Friday, 7 November 2008

Retail investors in buy mode as FIIs exit

Non-institutional investors, better known as individual or retail investors, bought stocks worth over Rs 4,000 crore over 45 days between Sep
tember 1 and October 23, at a time when foreign portfolio investors were net sellers in the market.

According to an internal analysis carried out by the market regulator SEBI, while net sales registered by foreign portfolio investors or FIIs were Rs 18,800 crore during this period, individual investors ramped up their purchase of shares.

This category of investors bought stocks worth Rs 4,100 crore, which fund managers reckon is a considerable amount especially when domestic mutual funds were net buyers — which is excess of purchase of stocks over sales — to the tune of just Rs 1,300 crore.

India’s insurance firms lent support during this period with net purchases of Rs 14,000 crore since many of them consider the steep fall in stock prices as a good opportunity to top up their investments in well-performing companies. But what has come as a surprise is the amount of buying by individual investors.

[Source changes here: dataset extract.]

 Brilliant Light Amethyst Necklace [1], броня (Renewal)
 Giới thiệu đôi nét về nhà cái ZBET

“There are many investors who are putting part of their money into stocks of good companies with a longer horizon and seem to be convinced that this is an opportune time to invest,” said an official in the securities market.

A good part of the buying may well have been accounted for by promoters of companies, who would have acquired shares from the secondary market in their individual capacity. Besides, senior management personnel of many corporates also seem to have been active in mopping up shares from the market, given the low valuations.

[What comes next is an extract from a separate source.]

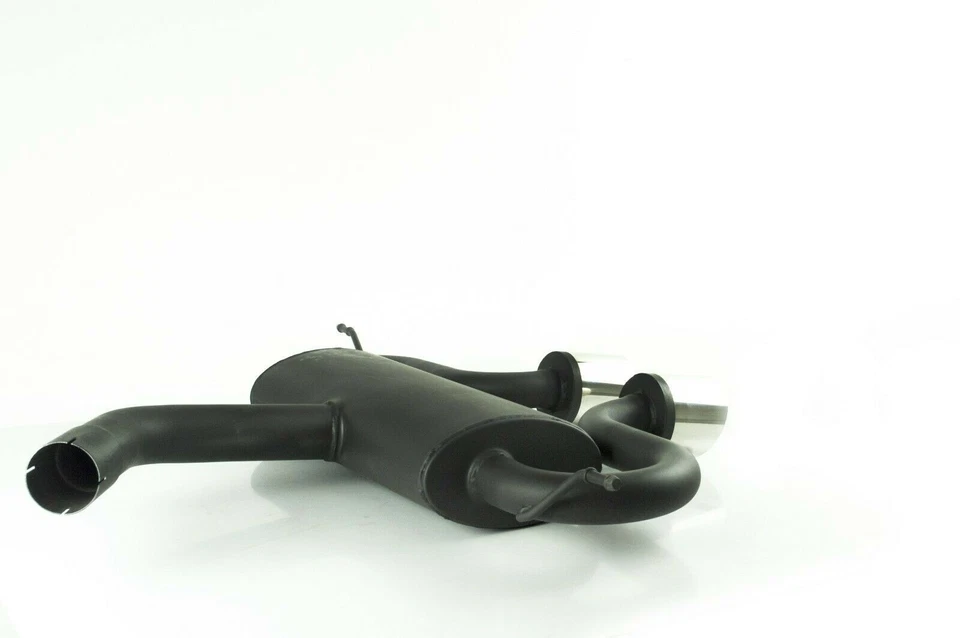 Terminale di Scarico Sportivo R32 per VW Golf 5 Golf 6 Terminali di Scarico 100mm Inclinato - Immagine 4 di 4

Over the past month or two, senior management personnel in firms such as L&T, Dabur and Glenmark Pharma have bought shares in their firms, according to the data provided by the exchanges. A senior executive of a bank which has interests in asset management and also the securities business said the purchase by non-institutional investors was quite large considering that it has come at a turbulent phase in the stock markets.

In his reckoning, high net worth investors or HNIs have not been very active this time around. For, local mutual funds, the going has been tough as corporate investors pulled out money from Fixed Maturity Plans due to concerns related to the quality of the investment portfolio of these plans and also owing to the squeeze on liquidity in the inter-bank market.

During the month of October, their assets under management dropped by 18% to Rs 4,31,901.42 crore, their biggest such fall. For foreign portfolio investors, it has been a double whammy. The steep slide in stock prices over the past couple of months, coupled with the weakening of the rupee against the USD, has hit them hard.